'''

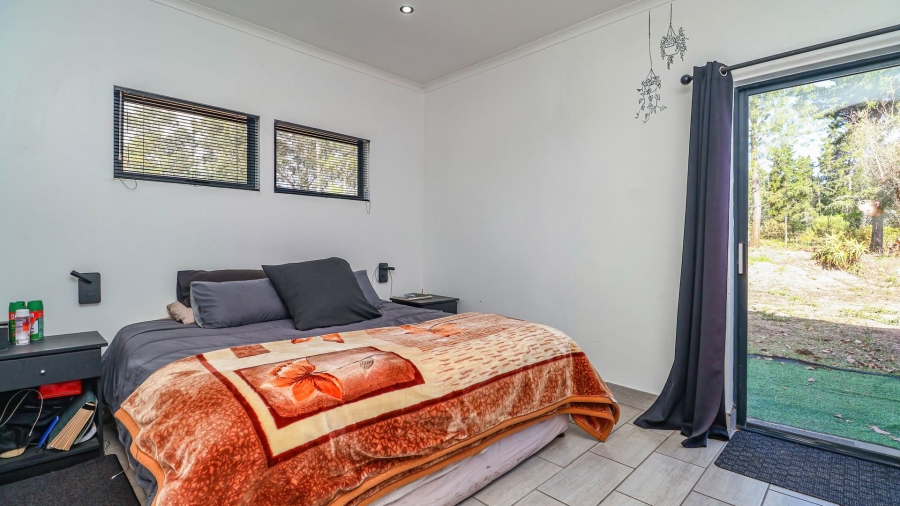 Commercial Property for Sale in Rondevlei Western Cape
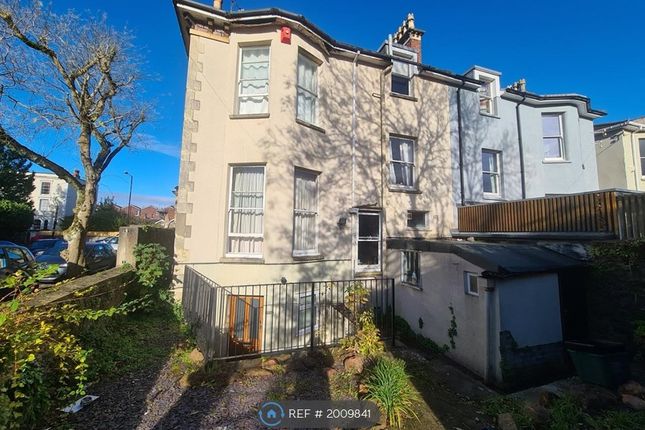 Flat to rent in Alma Road, Clifton, Bristol BS8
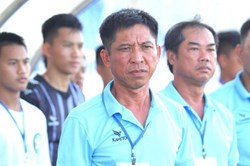 Huấn luyện viên Quảng Nam phàn nàn trọng tài sau trận thua Nam Định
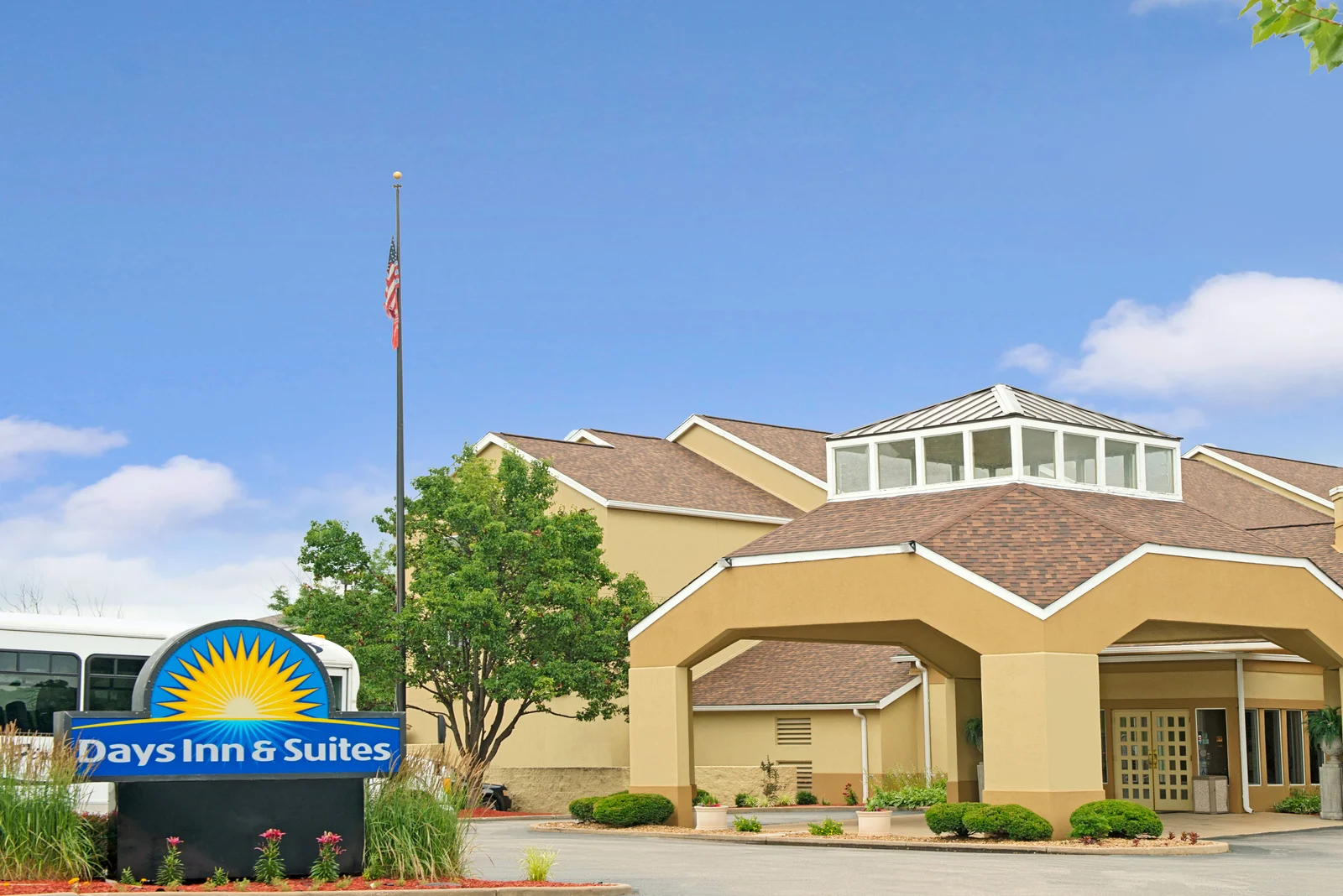 Welcome to the Days Inn St Louis/Westport, MO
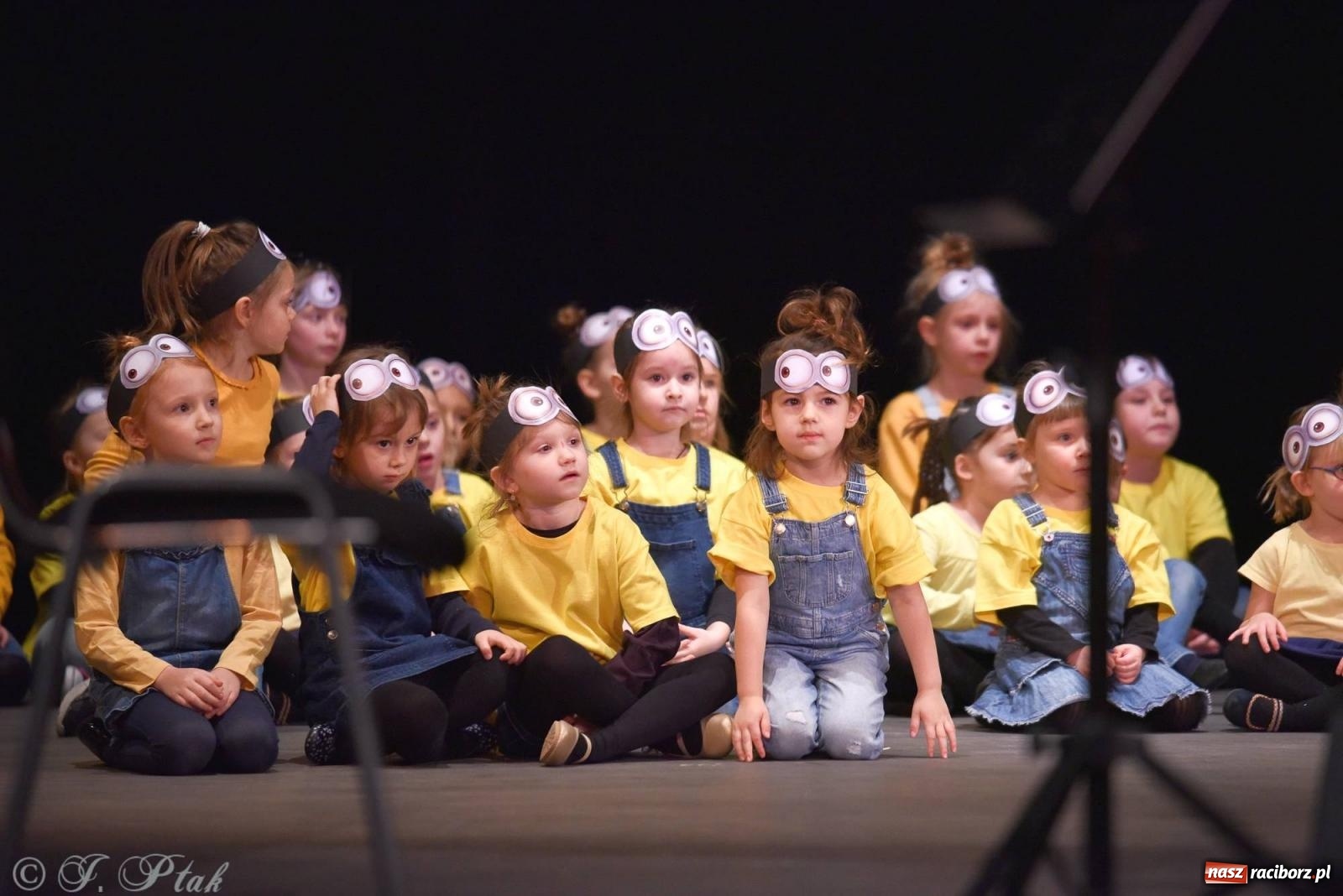 Zdjęcie w galerii na portalu naszraciborz.pl: Dzień Babci i Dziadka w Strzesze [FOTO i WIDEO] wiadomości z regionu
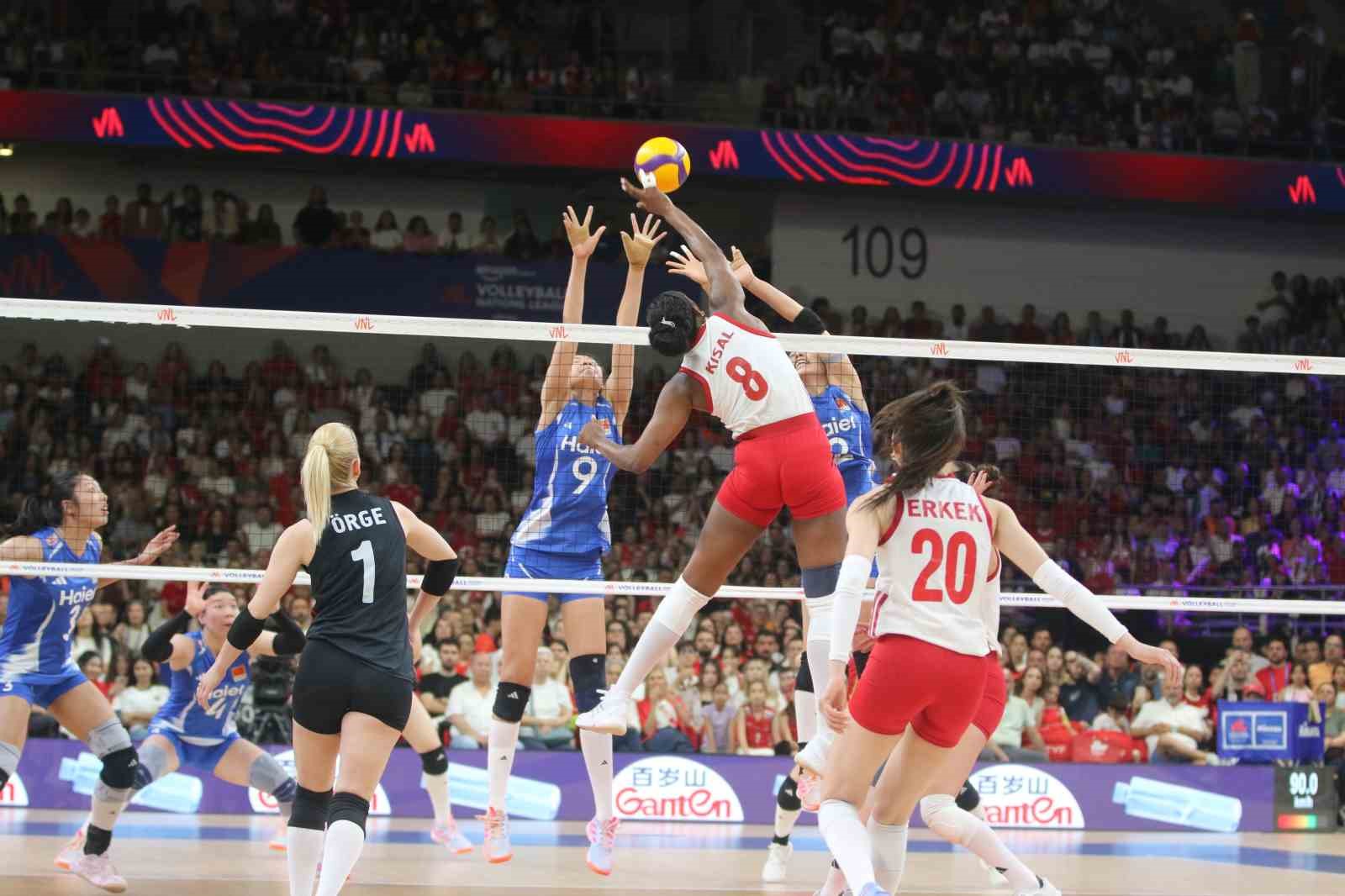 A Milli Kadın Voleybol Takımı, Çin’i 3-2 mağlup etti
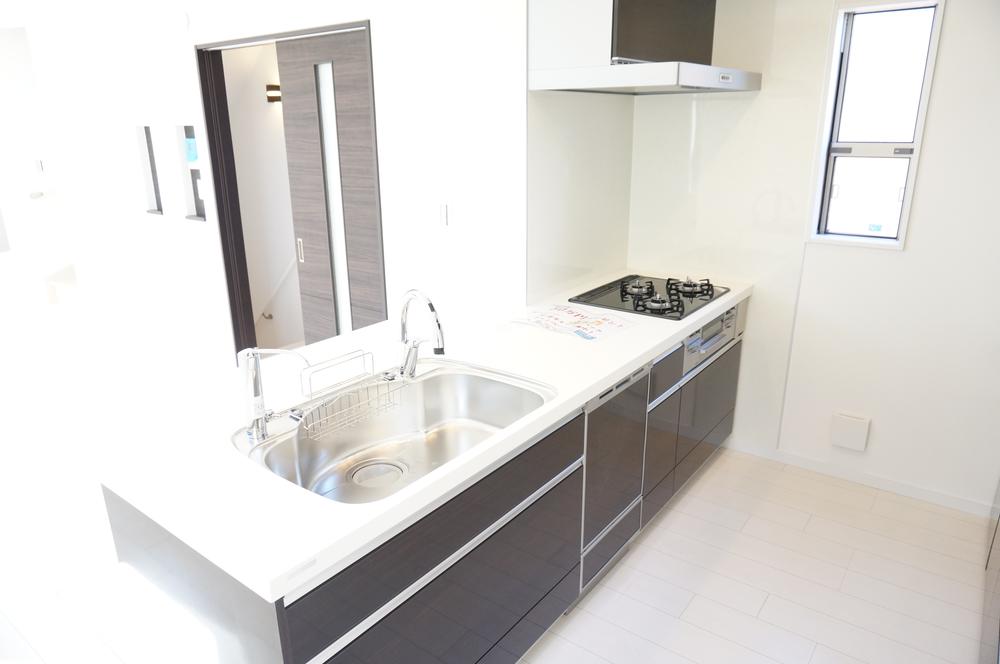 Kitchen. Indoor (12 May 2013) Shooting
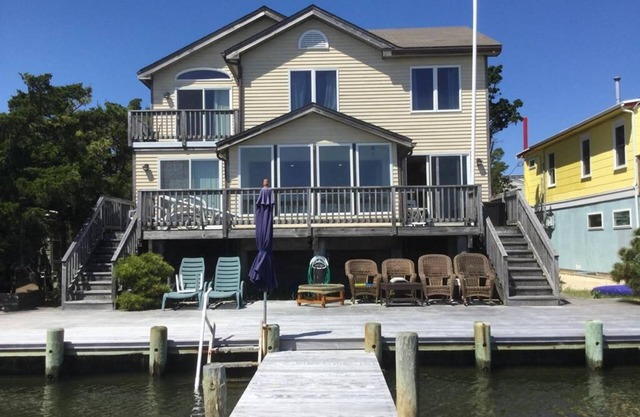 HARVEY CEDARS BAYFRONT VACATION HOME!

'''

### [Description of the task]
Before copying, set the pictures aside; then give the records again exactly.

### [Exercise result]
 Commercial Property for Sale in Rondevlei Western Cape
 Flat to rent in Alma Road, Clifton, Bristol BS8
 Huấn luyện viên Quảng Nam phàn nàn trọng tài sau trận thua Nam Định
 Welcome to the Days Inn St Louis/Westport, MO
 Zdjęcie w galerii na portalu naszraciborz.pl: Dzień Babci i Dziadka w Strzesze [FOTO i WIDEO] wiadomości z regionu
 A Milli Kadın Voleybol Takımı, Çin’i 3-2 mağlup etti
 Kitchen. Indoor (12 May 2013) Shooting
 HARVEY CEDARS BAYFRONT VACATION HOME!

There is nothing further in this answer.